(Beginning of RECORDS TO USE)

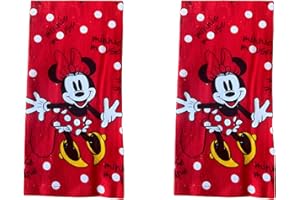 7STAR All-time Favorite Mickey Minne and Stitch Characters Collection 100% Cotton Kitchen Towel Set -2pc (2, Minnie Polka Dots- Red)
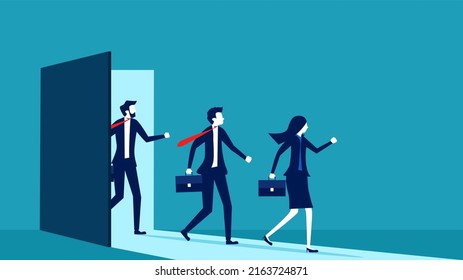 New employees enter the workforce. businessman opens the door to enter. business concept vector illustration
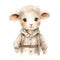 Cute watercolor clothed lamb illustration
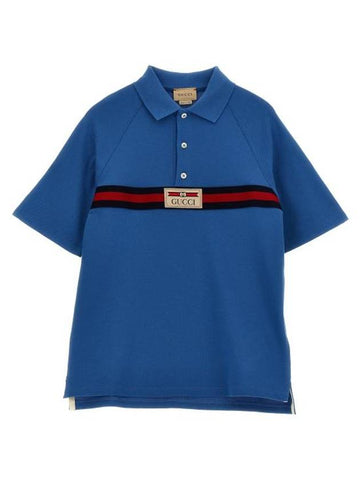 Kids Polo Shirt 758815XJF3F4573 Blue - GUCCI - BALAAN 1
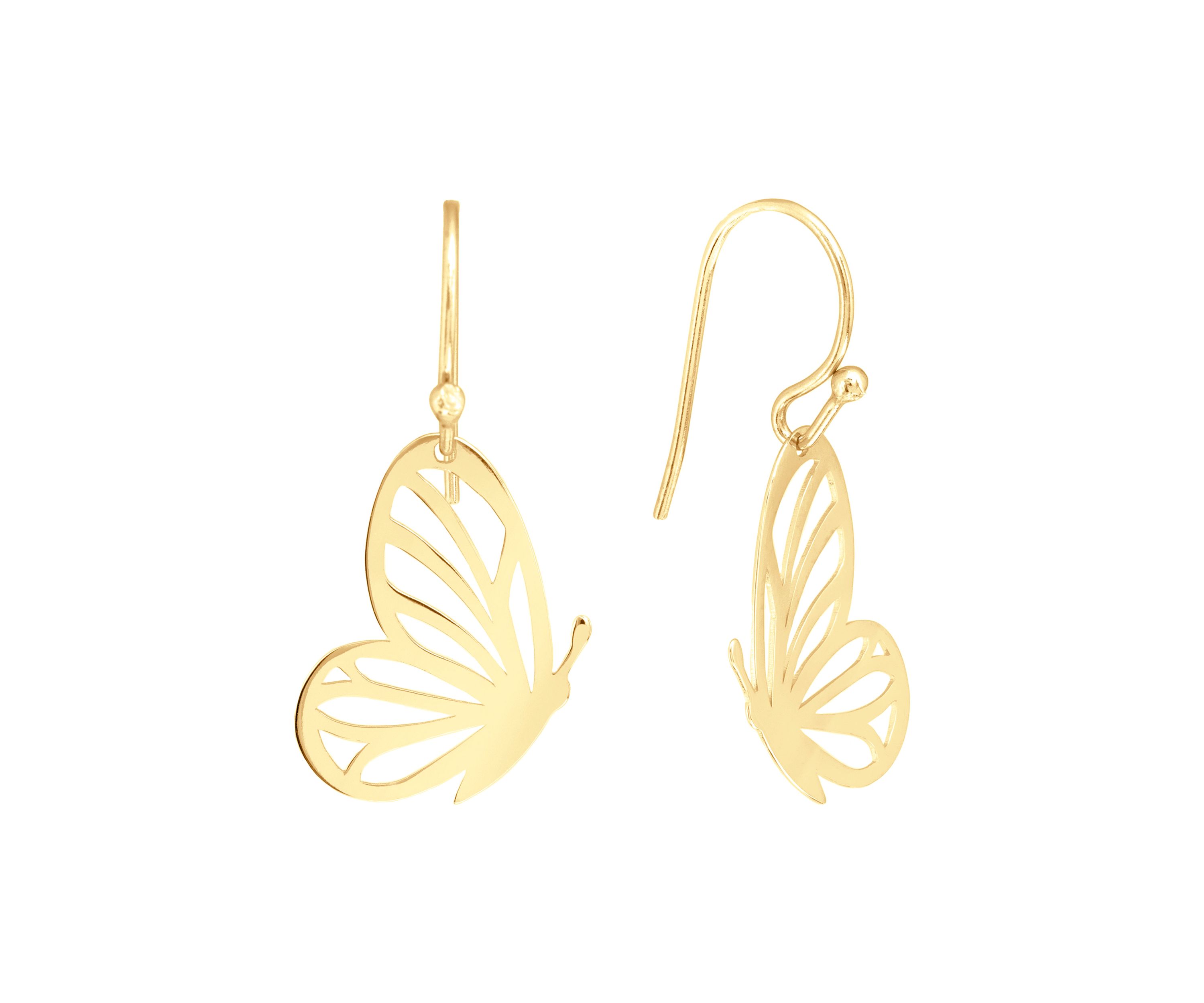 Gold Over Sterling Silver Half Cut Out Butterfly Drop Earrings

(End of RECORDS TO USE)

• **WHAT IS REQUIRED**
Repeat word for word only the lines from the line holding "New employees enter" to the final line of the material, both included. Don't carry over any picture.

• **TASK ANSWER**
 New employees enter the workforce. businessman opens the door to enter. business concept vector illustration
 Cute watercolor clothed lamb illustration
 Kids Polo Shirt 758815XJF3F4573 Blue - GUCCI - BALAAN 1
 Gold Over Sterling Silver Half Cut Out Butterfly Drop Earrings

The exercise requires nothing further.